Design and Experimental Validation of an EMI Filter for Military DC-DC Converters Achieving MIL-STD-461G CE102 Compliance

Authors

DOI:

https://doi.org/10.65834/jdsi.12.64

Keywords:

EMI, EMI filter, DC-DC converter, MIL-STD-461G CE102, insertion loss

Abstract

This paper presents the design, implementation, and experimental validation of a practical electromagnetic interference (EMI) filter developed for military DC-DC converter applications in order to satisfy the conducted emission limits defined by MIL-STD-461G CE102. High-frequency switching behavior, fast voltage and current transitions, and unavoidable parasitic elements in DC-DC converters make compliance with these limits extremely challenging without dedicated filtering, while practical military platforms impose severe constraints on size, stability, and realizability. In this paper, a systematic and iterative design methodology based on established EMI filter design principles is proposed, and the resulting attenuation performance is experimentally validated through CE102 measurements. The procedure includes determination of the design resistance considering the negative incremental impedance of the converter, design of differential-mode and common-mode stages, and suppression of resonance through properly selected damping networks. The resulting filter is implemented using commercially available components on a compact printed circuit board (PCB) compatible with practical military installations. The performance of the proposed filter is verified experimentally through CE102 measurements performed under identical operating conditions for both filtered and unfiltered cases. The unfiltered converter is shown to exceed the CE102 limits, whereas the filtered configuration achieves compliance with sufficient margin across the entire frequency range. In addition, frequency-domain attenuation characteristics are measured using a Bode analyzer to reveal the insertion loss behavior of the filter. The consistency between analytical expectations, attenuation measurements, and compliance tests demonstrates that the proposed approach provides a reliable, repeatable, and application-oriented framework for EMI filter design in military power electronic systems.

References

Cadirci, I., Saka, B., & Y. Eristiren. (2005). Practical EMI-filter-design procedure for high-power high-frequency SMPS according to MIL STD 461. IEE Proceedings, 152(4), 775–775. https://doi.org/10.1049/ip-epa:20045079

Chiu, P.-T., Pong, M. H., Yao, C.-J., & Chiu, H.-J. (2024). The effect of parasitic elements on EMI common mode filter insertion loss. In Proceedings of the International Conference on Industrial Electronics and Applications (ICIEA) (pp. 1–6). https://doi.org/10.1109/ICIEA61579.2024.10664692

Fishta, M., & Fiori, F. (2026). A volume-optimized hybrid EMI filter for automotive traction inverters. IEEE Transactions on Electromagnetic Compatibility, 68(2), 321–329. https://doi.org/10.1109/TEMC.2026.3652665

Hartal, O. (1995). EMC by design (3rd ed.). R & B Enterprises.

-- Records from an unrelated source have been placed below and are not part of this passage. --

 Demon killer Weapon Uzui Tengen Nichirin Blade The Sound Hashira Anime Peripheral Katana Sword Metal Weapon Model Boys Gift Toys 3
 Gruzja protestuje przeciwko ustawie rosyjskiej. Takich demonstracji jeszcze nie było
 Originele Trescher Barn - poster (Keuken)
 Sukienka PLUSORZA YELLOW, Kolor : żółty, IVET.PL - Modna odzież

Kichouliya, R., Sundar, S., & Reddy, P. (2023). Power line EMI filter design of power converters to meet the conducted emission specifications of MIL-STD-461G. In Proceedings of the National Power Electronics Conference (NPEC) (pp. 1–6). https://doi.org/10.1109/NPEC57805.2023.10385027

Middlebrook, R. D. (1976). Input filter considerations in design and applications of switching regulators. Proc. IEEE IAS'76, 91-107. https://ci.nii.ac.jp/naid/80014902952/

Nave, M. J. (1991). Power line filter design for switched-mode power supplies. Van Nostrand Reinhold.

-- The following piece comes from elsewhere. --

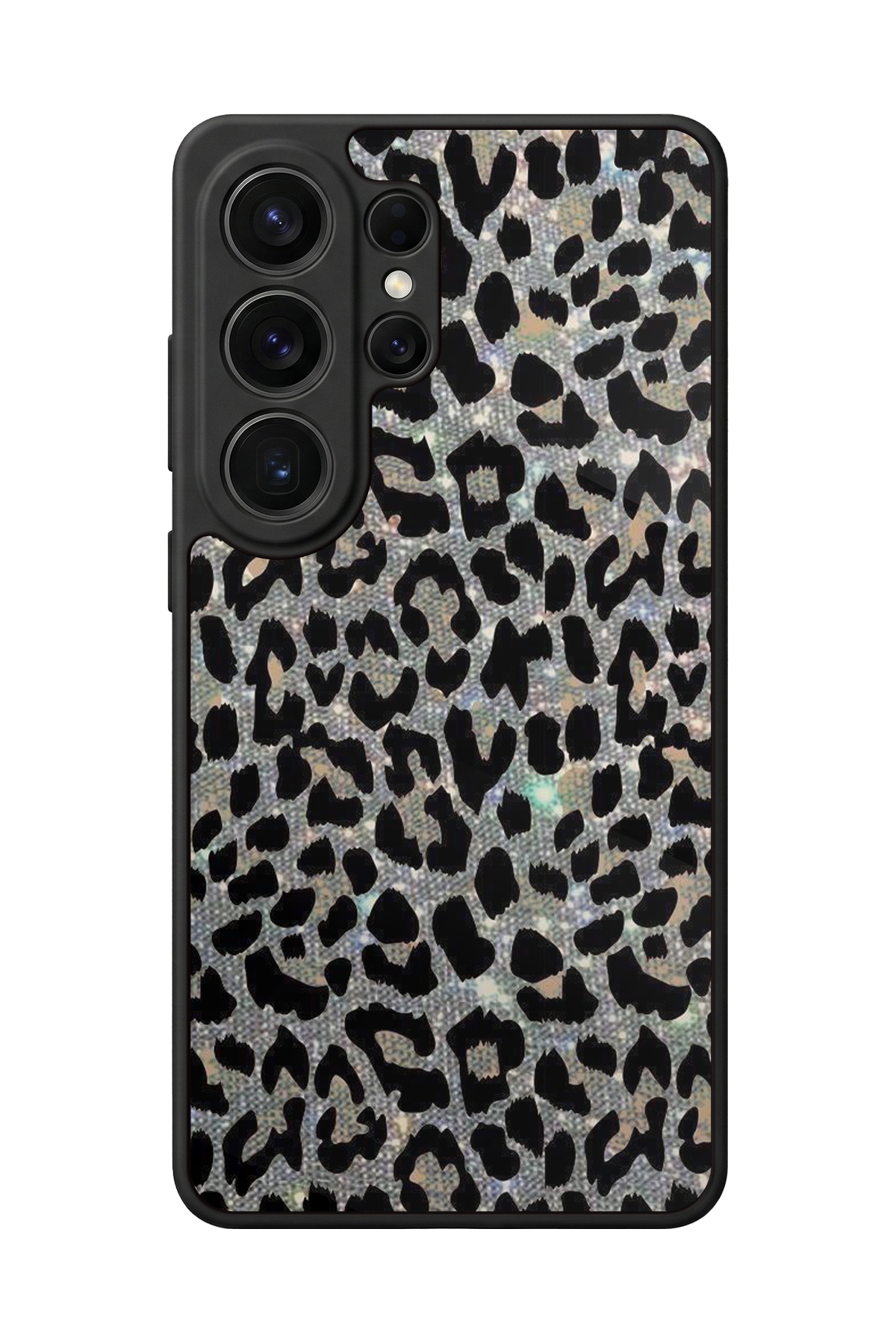 Samsung Galaxy S26 Ultra Uyumlu Hologram Leopar Tasarımlı Glossy Premium Kılıf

Ozenbaugh, R. L., & Pullen, T. M. (2012). EMI filter design (3rd ed.). CRC Press.

SynQor. (2016). MCOTS-C-28VE-05-QT: Military COTS DC-DC Converter Datasheet. https://www.synqor.com/products/mil-cots/mcots-c-28ve-05-qt

SynQor. (2024). MCOTS-F-28E-P-DM: Military COTS EMI filter Datasheet. https://www.synqor.com/products/mil-cots/mcots-f-28e-p-dm

Tarateeraseth, V. (2011). EMI Filter Design Part I: Conducted EMI Generation Mechanism. In IEEE Electromagn. Conf (pp. 44-50).

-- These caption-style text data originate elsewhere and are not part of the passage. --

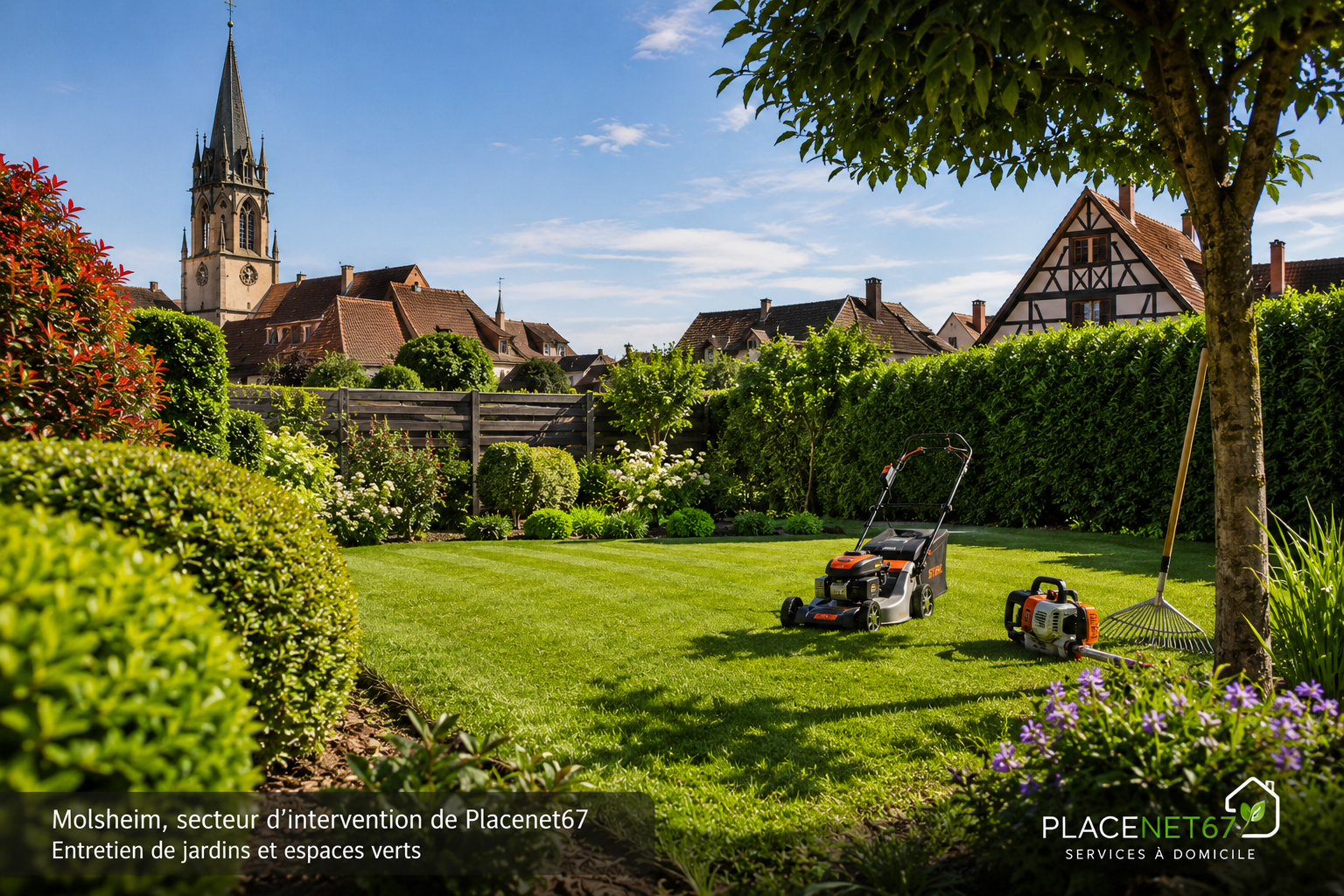 Jardin et espaces verts à Molsheim, secteur d'intervention de Placenet67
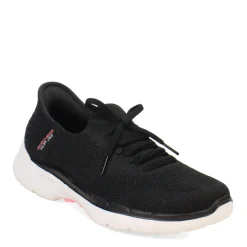 Skechers Sneakers & Athletic|Women's , Slip-ins: GO WALK 6 - Lovely Day Sneaker Black Hot Pink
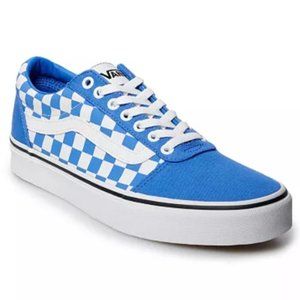 Van's Blue and white Checkered Old School lace up sneakers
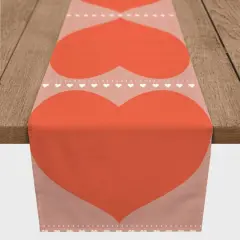 Big Hearts 16" x 72" Poly Twill Table Runner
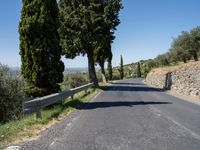 Straight Down the Road in Tuscany, Italy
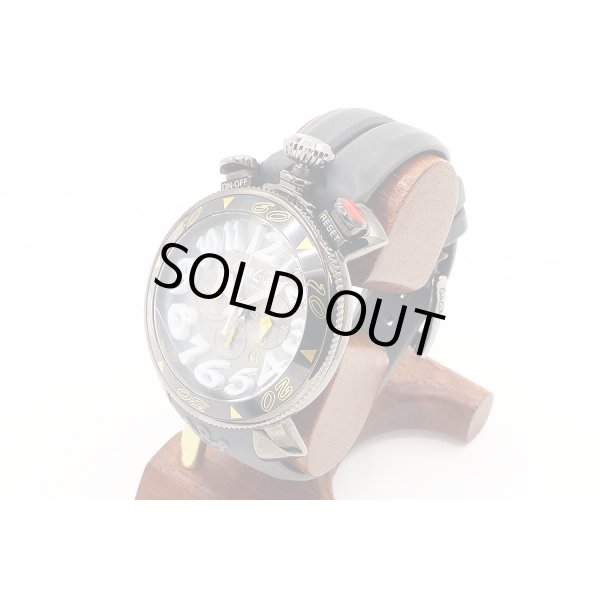 ガガミラノ　マニュアーレ　クロノグラフ　ＭＭ－４８　６０５４．６　グレー文字盤　サイド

Tarateeraseth, V. (2012a). EMI filter design part II: Measurement of noise source impedances. IEEE EMC Magazine, 1(1), 42–49. https://doi.org/10.1109/MEMC.2012.6244944

Tarateeraseth, V. (2012b). EMI filter design part III: Selection of filter topology for optimal performance. IEEE EMC Magazine, 1(2), 60–73. https://doi.org/10.1109/MEMC.2012.6244975

Tian, Y., Jiang, Y., Liao, Y., & Tan, Y. K. (2026). Highly-Efficient Cascaded Active EMI Filter for WBG-based integrated Motor Drive. IEEE Journal of Emerging and Selected Topics in Power Electronics, 1–1. https://doi.org/10.1109/jestpe.2026.3677211

U.S. Department of Defense. (2015). MIL-STD-461G: Requirements for the control of EMI characteristics of subsystems and equipment. U.S. Government Printing Office.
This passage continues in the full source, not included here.